Tuesday, October 04, 2005

Learning Light Saber from Yoda

This past weekend my martial arts school sponsored a couple of seminars with our Great Grandmaster, Wong Gong. He's the highest ranking sifu in the system that i study (Choy Li Fut kung fu). He's a small man, and at 78 he's not quite the athlete he probably once was, though he's still amazingly spry and fit. But he has an undeniable presence. He speaks little English, but he has such remarkably expressive movements that groups of people at the seminars would break into applause when he'd nonchalantly toss off a tough maneuver, or they'd laugh when he'd speed through a long series of moves that he obviously realized nobody could duplicate.

Unlike most sports, there is no retirement from the martial arts, and it seems almost supernatural to see a man who's been doing something at a world class level for 60 years.

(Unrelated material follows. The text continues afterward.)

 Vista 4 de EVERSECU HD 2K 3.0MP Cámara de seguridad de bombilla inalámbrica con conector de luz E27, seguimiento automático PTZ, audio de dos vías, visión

The comparison to Yoda is inevitable. At this stage, he has a very refined economy of movement and such complete balance and stability that he looks as natural doing a form as he does walking.

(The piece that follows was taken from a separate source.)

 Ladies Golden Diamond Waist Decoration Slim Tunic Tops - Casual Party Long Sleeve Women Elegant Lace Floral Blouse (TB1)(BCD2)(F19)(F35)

He also performed at our annual exhibition, which was interesting this year since there were 5 generations of sifus. It's both inspiring and a bit depressing to see how good some of these folks are. I've always been a fair athlete-- i've got decent eye-hand coordination and i've never been too out of shape-- but there's stuff these people can do that i just can't do. The fact that almost nobody else can do them either isn't that much consolation.